Son nuestros antepasados. Se dice pronto, pero hay que pensarlo despacio. El propio Moshé fue concebido y nació en medio de ellos. Dice el Midrash que, una noche, Amram huyó de su casa para evitar tener relaciones sexuales con Yojéved su esposa (¡véis como tenían nombres!) por miedo a que ella se quedara preñada de un varoncito condenado a muerte por el decreto faraónico. De nada le valió la huída al bueno de Amram, porque, y esto lo ignoraba él, Yojéved ya estaba encinta. Cuando todo parecía perdido, una mujer hebrea llevaba en su seno la salvación de Israel, ¡Baruj ha Shem, Baruj Hashem!

 

Aquellos harapientos esclavos que llegaron a tener miedo de los noches más cálidas y de las caricias del ser amado, pero fueron encontrados dignos por el

Todopoderoso de engendrar al gigante de Sinaí, son nuestros antepasados. Se alegraron de que su hijo sobreviviera milagrosamente y fuera educado lejos de ellos por la hija del Faraón que le enseño, además de los buenos modales, el arte de gobernar a los pueblos. Como todos los padres, entre gozar de la presencia del hijo a su lado y el porvenir brillante que le esperaba fuera de casa, eligieron lo segundo.

 

Ellos, los andrajosos, los perseguidos, los agotados de quien Moshé desconfiaba bastante, cosa que manifiesta bien a las claras cuando dice al Eterno:<<no me creerán, no escucharán mi voz, dirán que "¡Cómo que se te va a aparecer a ti el Eterno!">> éstos son nuestros antepasados. Debemos mentalizarnos de que es así porque, cuando leemos la salida de Mitzraim y la historia de la marcha por el desierto, viendo sus defectos, sus infidelidades, su inmadurez, pero sin identificarnos con ellos. Sin embargo, todo lo que somos en tanto que pueblo, se lo debemos a ellos, con sus debilidades y con su arrojo. Cuando los juzgamos, estamos faltando al santo mandamiento de honrar al padre y a la madre.

Aquéllos que salieron de Egipto cometiendo un robo, somos nosotros. Eterno, en aquel momento no dijo: "Éstos se echarán atrás si no tienen un motivo muy serio para alejarse cuanto antes". No los juzgó, simplemente les mandó despojar a los Egipcios de objetos valiosos.

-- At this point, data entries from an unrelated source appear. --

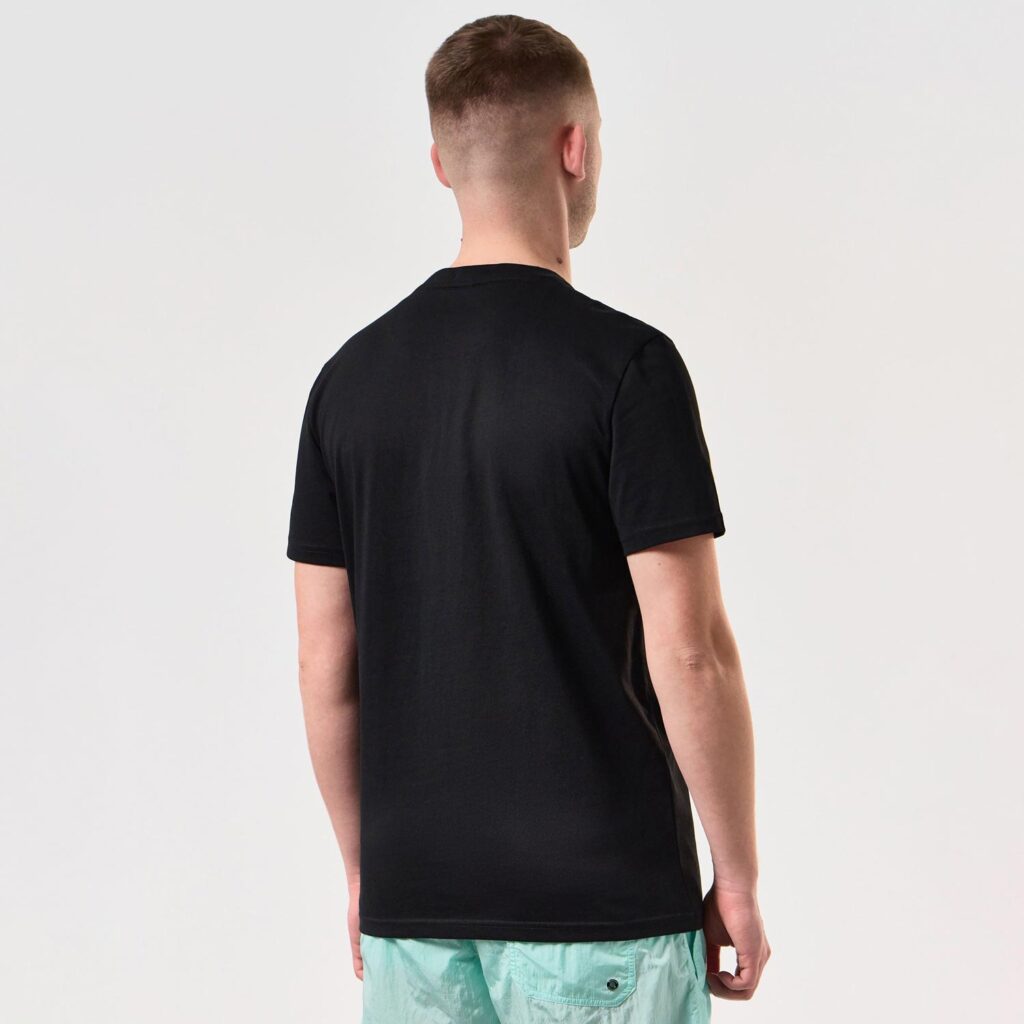 Weekend Offender Keyte Regular Fit T-Shirt - Black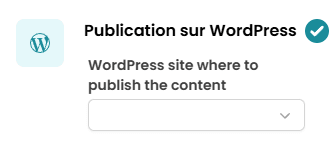 Wisewand WordPress Integration: Publish in One Click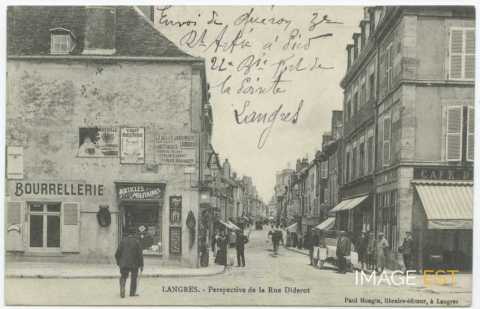Rue Diderot  (Langres )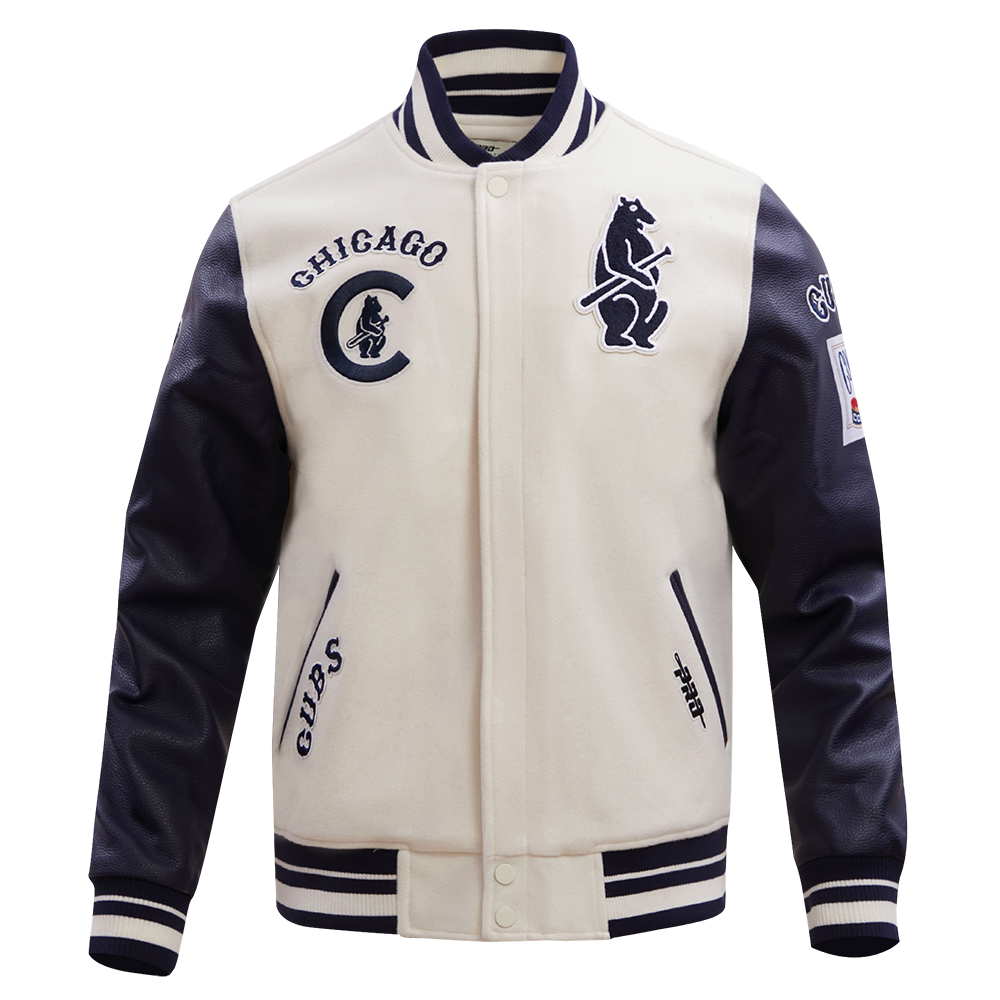 CHAMARRA UNIVERSITARIA MLB CHICAGO CUBS RETRO CLASSICS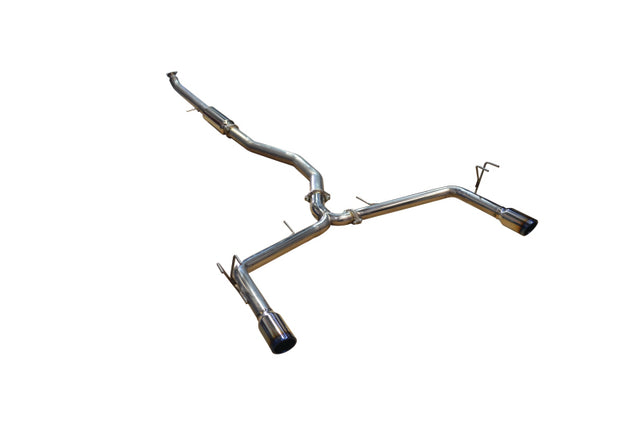 Injen 16-20 Honda Civic 1.5L Turbo 4Cyl (Sedan) 63mm SS Cat-Back Exhaust w/ Dual Burnt Titanium Tips - RPL Performance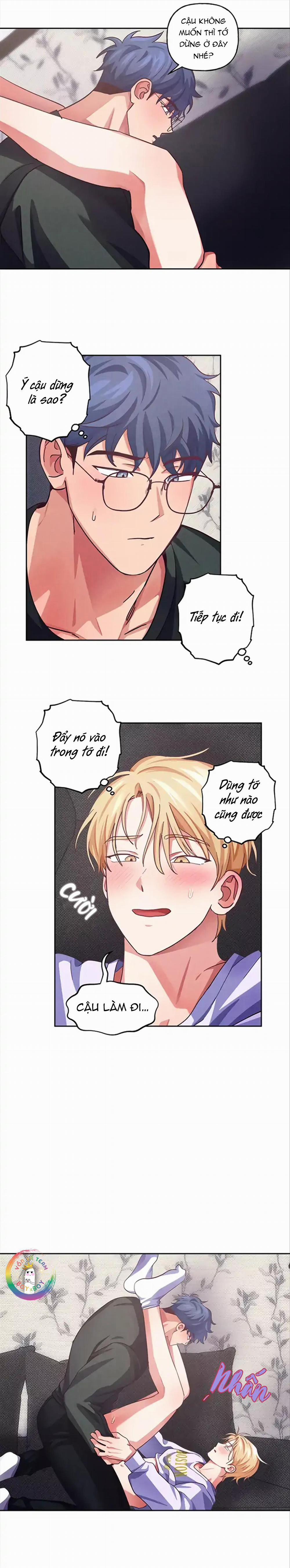 Manhwa Chịch Vồn Chịch Vã Chương 116 LOVE NOTE 2 Trang 15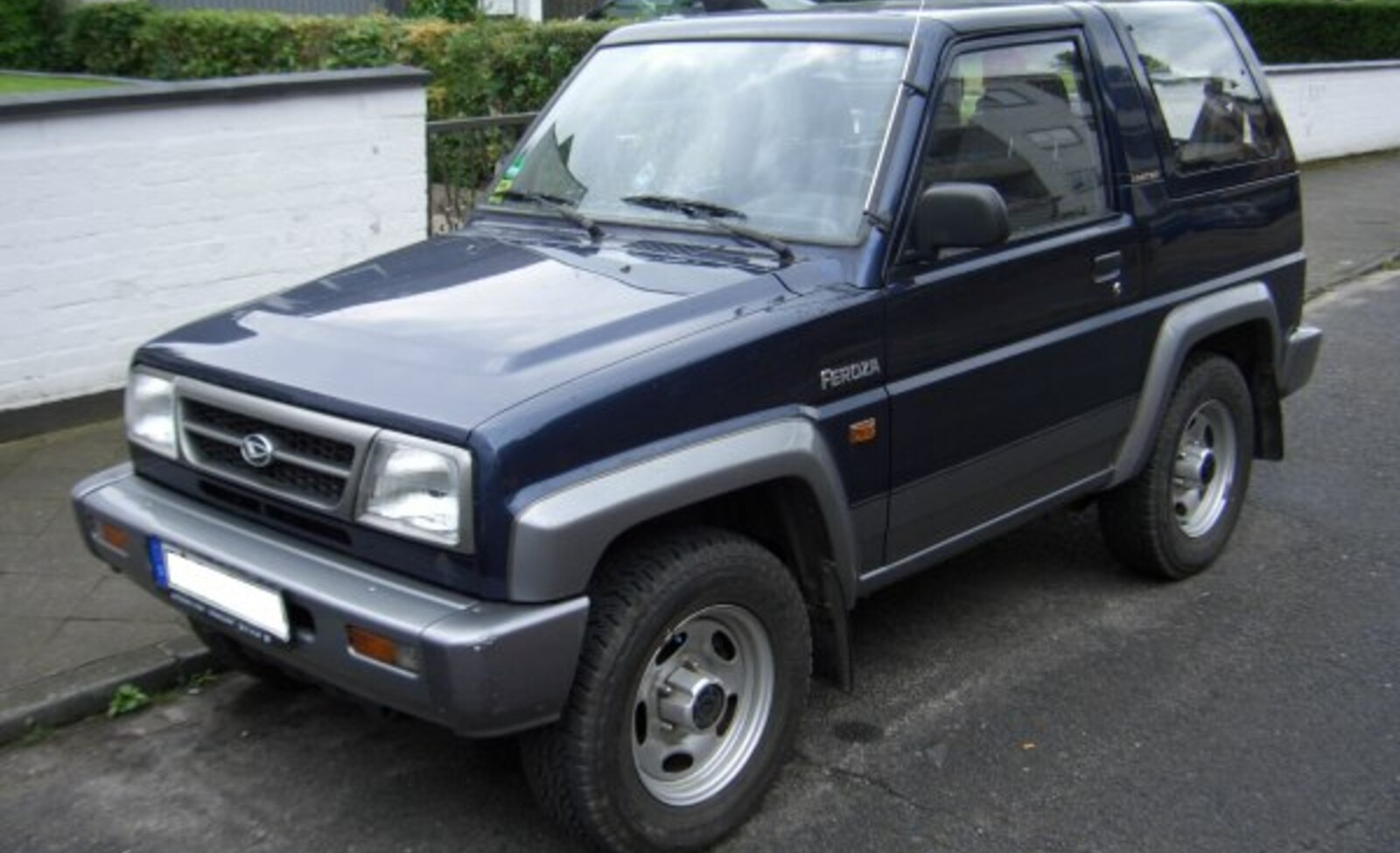 Daihatsu Feroza Hard Top (F300) 1.6 i 16V (95 Hp) 1988, 1989, 1990, 1991, 1992, 1993, 1994, 1995, 1996, 1997, 1998 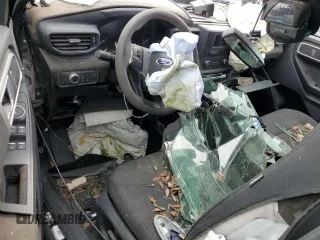 2022 Ford Explorer z VIN 1FM5K8AC2NGA43062, wystawiony jako Copart lot #53812615 z przebiegiem Nie podano mil oraz Szkoda całkowita • Salvage title. Historia ofert i sprzedaży dostępna na DreamBid. Obrazek 8.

Es bueno, justo y sensato que imitemos al Eterno, que, en vez de juzgarles, les demos  amor y agradecimiento porque le echaron mucho valor a la cosa. Son nuestros padres y es recomendable que bendigamos a Hashem por haberlos amado.

 

         ¡Baruj Hashem que nos hizo herederos de aquellos infelices que cruzaron el mar para abrirnos el camino de la libertad y nos legaron el sentido de la dignidad!